In addition to smaller and boutique brands, established brands are switching things up when it comes to better-for-you profiles. Chicago-based Conagra Brands is introducing a new line of Marie Callender’s loaf cakes, made with no artificial flavors or preservatives.

“Consumers have told us that what they really want is an easy, convenient solution for baked goods that taste just like homemade and are made with the same basic ingredients that they can find in their own pantry,” says Casey Richards, brand director.

New Breakfast Products

The changing nature of morning meal consumption – increasingly on the go or packed to go – has led to new product development and competition from other types of food products. An early 2017 report from London-based Euromonitor, with U.S. offices in Chicago, noted that busy consumers are eschewing sit-down breakfasts for portable snacks such as snack/nutrition bars, muesli and Greek yogurt.

Meanwhile, globally inspired ingredients are lending fresh flavors to breakfast fare.

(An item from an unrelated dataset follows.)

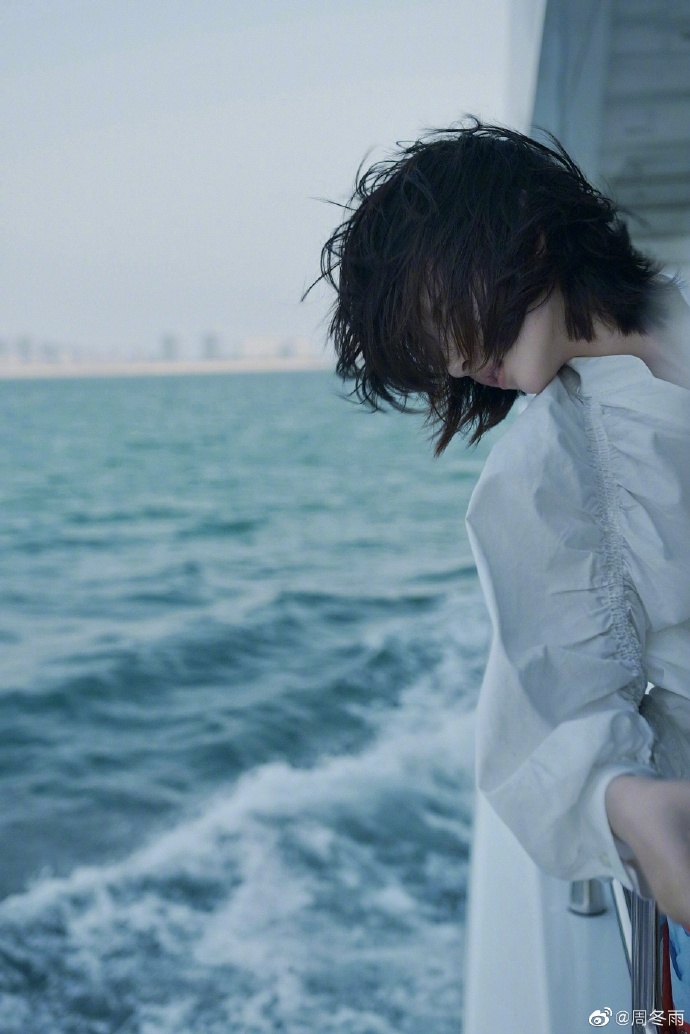 周冬雨头发随风飞舞灵气十足写真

In its latest report on breakfast trends, the Chicago-based American Egg Board highlighted the influence of Asian flavors on breakfast items, noting that Millennials and Generation Z consumers enjoy Asian products like sriracha, fermented foods and chili sauces that work well with classic breakfast comfort foods.

“Many common breakfast foods -- like eggs -- offer a mild flavor base to layer on the salty, tangy and spicy flavors of Asian cuisine,” remarks John Howeth, the board’s SVP, foodservice and egg product marketing.

Several brands that offer breakfast-style products are going international with new items. Earlier this summer, General Mills rolled out Oui French-style yogurt under the Yoplait brand umbrella, inspired by Yoplait’s French product line. The yogurt is sold in a glass container, in which the yogurt was cultured in a “pot set” approach.

Bolder flavors – which may or may not be ethnic in origin – are also a hallmark of many new breakfast products. The Eckrich brand, from Virginia-based Smithfield, for example, spotlights bolder flavors in its American Regionals Line, with items like serrano brown-sugar ham and honey bourbon ham.

Finally, bringing it full-day circle, there’s no time like the present to promote the next day’s breakfast. “The main way to ensure customers think about the grocery store for breakfast options is to make sure you have the product when the consumer is in the store, so they know you are a destination, whether it’s for an individual breakfast or office/family get-together,” advises Schmansky.

She continues: “Have breakfast options available during the early-evening rush hours for the next day, like doughnuts, bagels or yogurt parfaits, so consumers don’t have to stop on their way in to work, and ensure a large bakery breakfast display bright and early during the weekend.”